The assaults, which were first reported in 2015 when a women's rights organization investigated the alleged crimes, were detailed in a statement released this weekend by the National Human Rights Commission.
In it, the Commission said it found that at least 16 women were “victims of rape, sexual and physical assault” in the Bijapur district of Chhattisgarh state, in October 2015.
In one incident, a 14-year-old girl grazing her cattle was blind-folded and gang-raped. Activist said a pregnant mother was also gang-raped. In another, a girl was repeatedly “dunked” into a nearby stream, and then sexually assaulted.
The Commission is still examining the complaints of another 20 women. Although the police have launched an investigation over the allegations, no arrests have been made.
In a statement published yesterday, the WSS warned the 16 reported cases may be “only the tip of the iceberg”.
Although welcoming the Commission's investigation, the WSS said the organization was “painfully aware that this is only a small step in the long road to justice”. They added that many women were still being pressured to remain silent.
Kishore Narayan, representing some of the victims, accused the police force of shielding the perpetrators. He told AFP that despite the women naming their attackers, “nothing was done”. He accused the police of carrying out a “sham investigation” and attempting to “obfuscate the case”.
In November 2015, The Indian Express reported on the alleged assaults but claimed that as many as 40 women had been attacked by state officials.

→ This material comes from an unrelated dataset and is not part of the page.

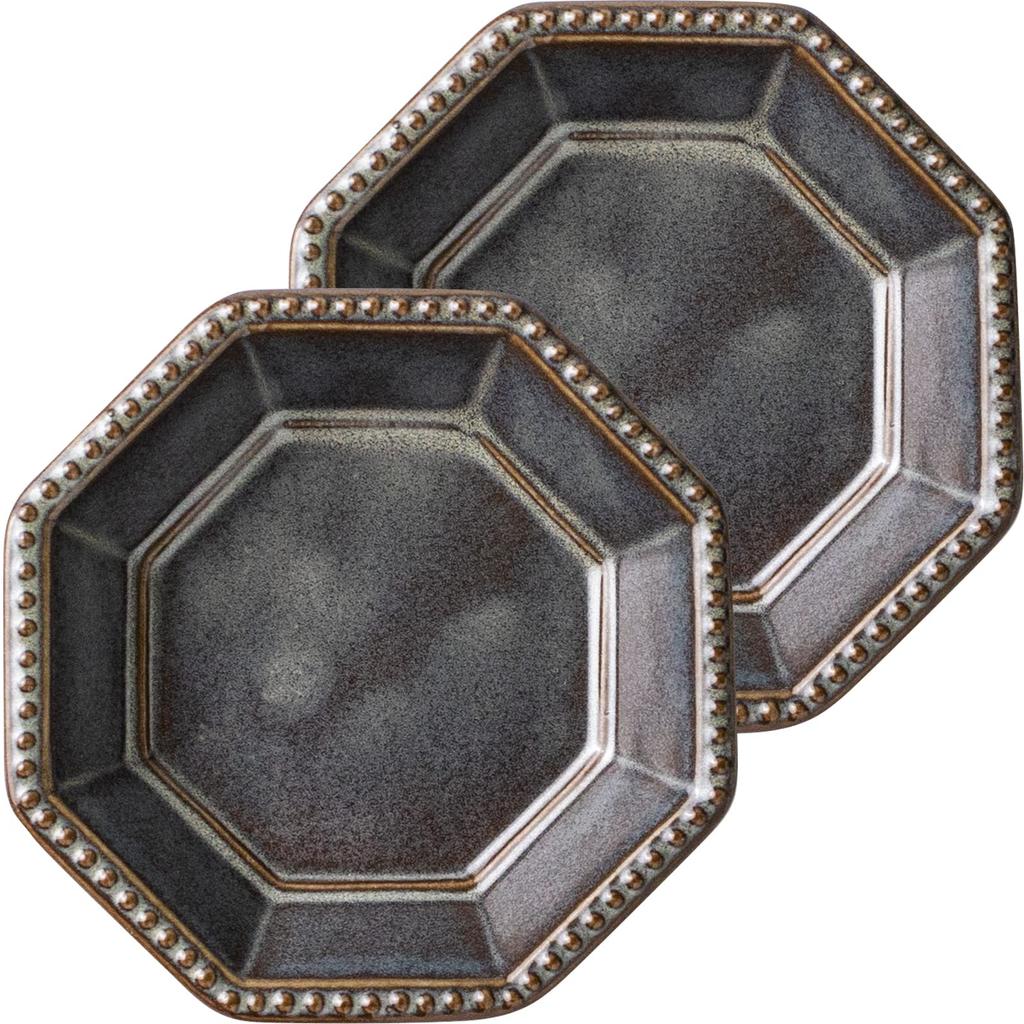 Minoru Pottery Mino Ware Amy 85 Octagonal Plate, Silver Metallic, Set of 2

A spokesperson for Women Against Sexual Violence and State Repression (WSS), who originally investigated the claims and spoke to the newspaper, said two years ago that “the violence was on a mass scale”.
The spokesperson continued: “Around 40 women have said that they were forced to strip, sexually harassed and assaulted. Even breastfeeding mothers were assaulted, and those with children too. This happened across villages.”
The central Indian state, roughly 1,200 miles south-east of Delhi, has been the epicenter for a long-running Maoist uprising over limited tribal rights and land pressures.
Many of those in the poor region belong to the Adivasi tribal group, who have accused the Indian government in the past of “collective punishment” due to their perceived connections to the Maoist fighters, the Washington Post reported.